Despite its timely appeal, The Life failed to win over reviewers put off by its intimidating size and demanding prose. The North American Review showed its former editor no favor, calling the project “too voluminous… to be attractive to the general reader,” while the New York Tribune criticized the biography for showing “no extraordinary skill or practice in the arts of literary composition.”6 In a long and cutting two-part review published anonymously in the Nation, Henry’s brother Charles attacked the tome for its lack of accessibility, going so far as to damn it for literally being too heavy:
In its superficial make-up this volume falls little short of being an outrage both on Albert Gallatin and on every one who wishes to know anything about him.… Mr. Adams… seems… to have… set to work in a spirit of defiance, and made every detail of publication as repelling to the general readers as he knew how. The book resembles in appearance a volume of a cyclopædia,—it measures ten inches by six, and weighs nearly four pounds. It is printed—narrative, extracts, and correspondence—all in one monotonous type, contrary to agreeable modern usage, and it bristles with letters in French which seem to say, as clearly as if in words, that the book is not for general readers.7
There is a good deal of truth in these remarks, and they do accurately convey Henry’s shortcomings as a first-time biographer. Letters go on for too long, Gallatin’s early life in the Pennsylvania backwoods is dispensed with superficially, and his last years receive little attention. Adams’s unwillingness, as Charles noted, to translate Gallatin’s French correspondence into English further compromised the work. The author’s classic class-bound defense for this strategy—“It is always a little impertinent to suggest that one’s readers are ignorant of French”—is pure Henry.8
So too is his insistence that Gallatin—once among the most respected and decorated statesmen of his day—was fundamentally ill-fated. No hero of Henry’s, no (Swiss) prince among republicans could possibly have made peace with the country’s erratic democracy. He saw Gallatin, rather, much as he saw himself.

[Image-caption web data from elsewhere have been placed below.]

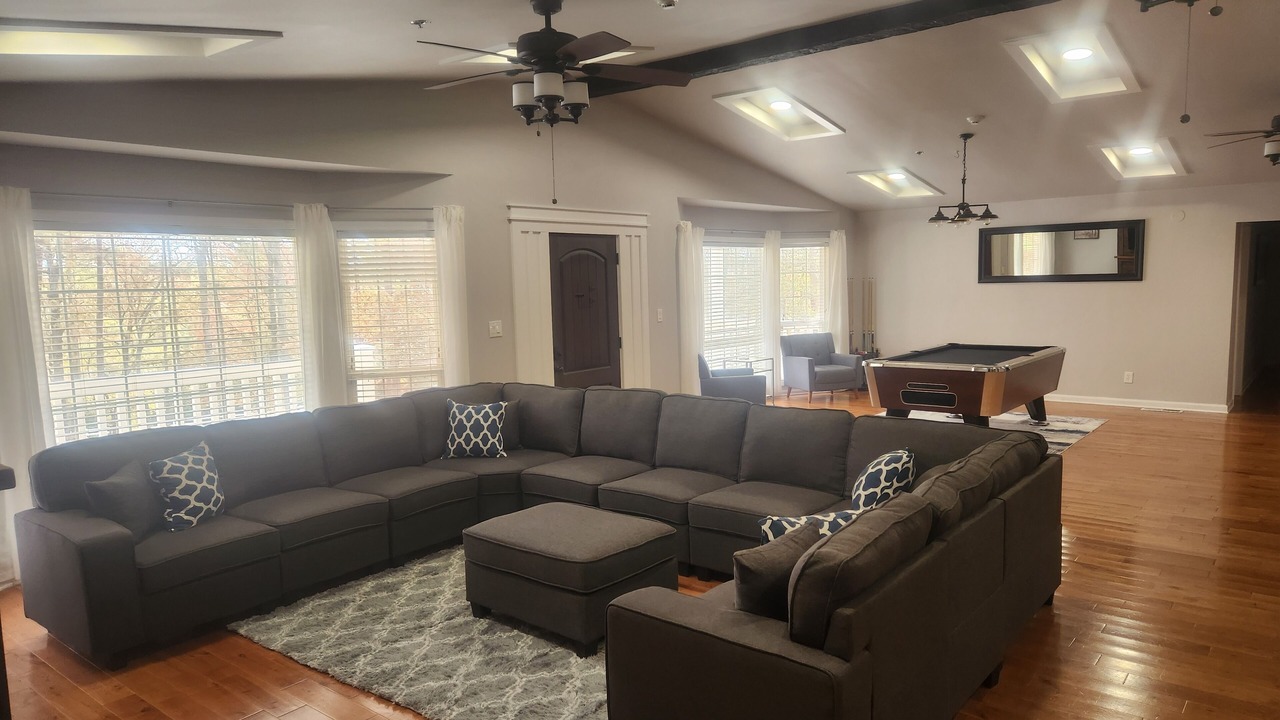 Photo of Livingroom in Inman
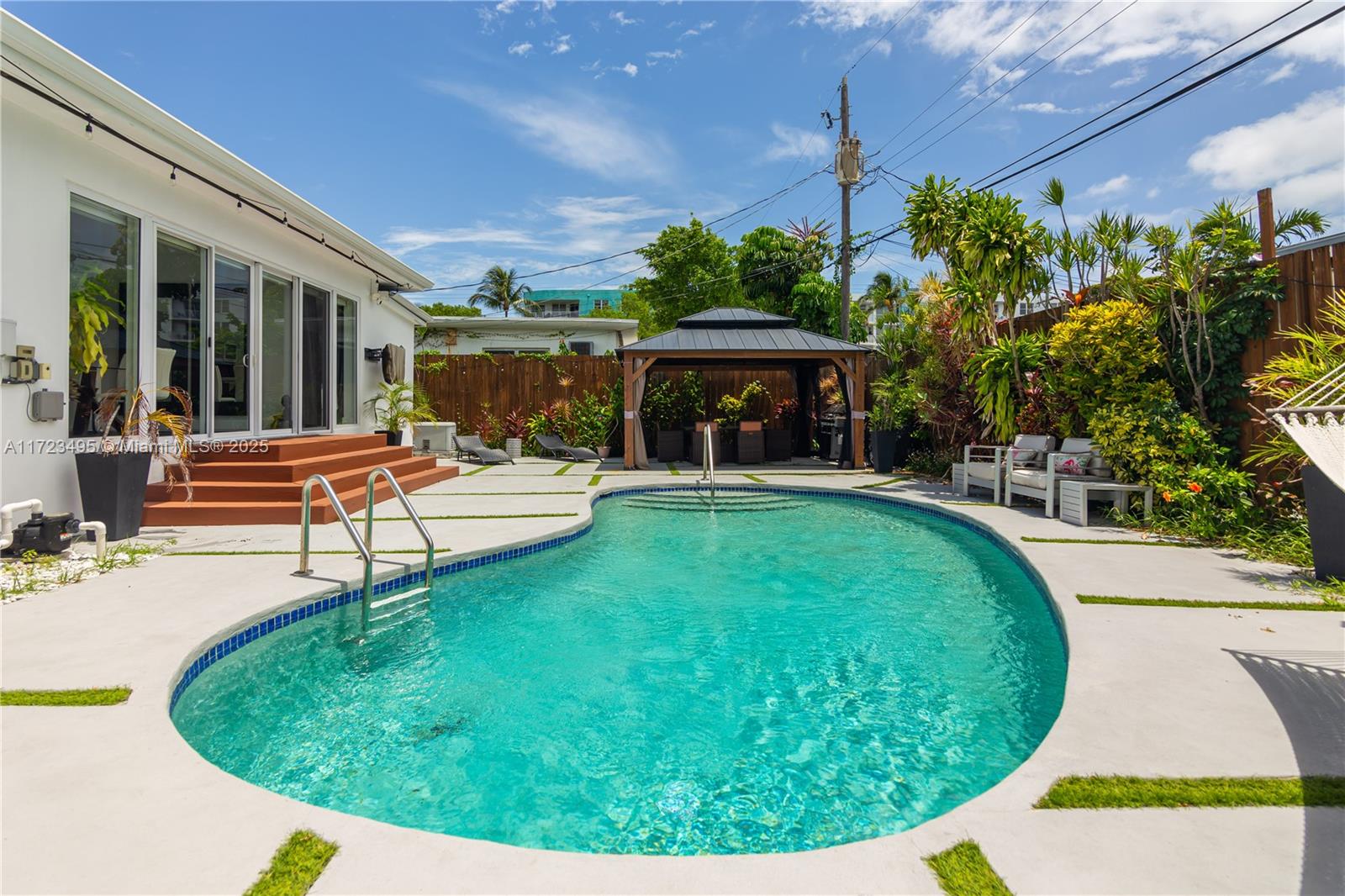 TREASURE PLAZA - Residential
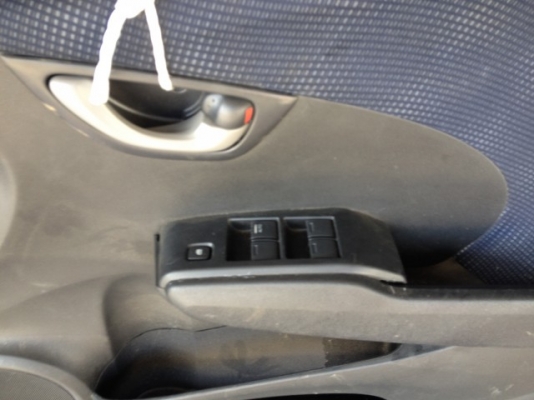 เเผงประตู JAZZ 08-13ครบชุด4บานสวิตกระจกไฟฟ้าครบของเก่าญี่ปุ่นสภาพดี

And when he confessed to Lodge, in reference to The Life, “The inevitable isolation and disillusionment of a really strong mind… is to me the romance and tragedy of statesmanship,” he combined a deeply held personal philosophy with an equally embraced historical outlook.9 This despairing sensibility, already evident in Henry’s best North American Review pieces, would come increasingly to inform his scholarly work and to further give both shape and spirit to his experimentation as a novelist.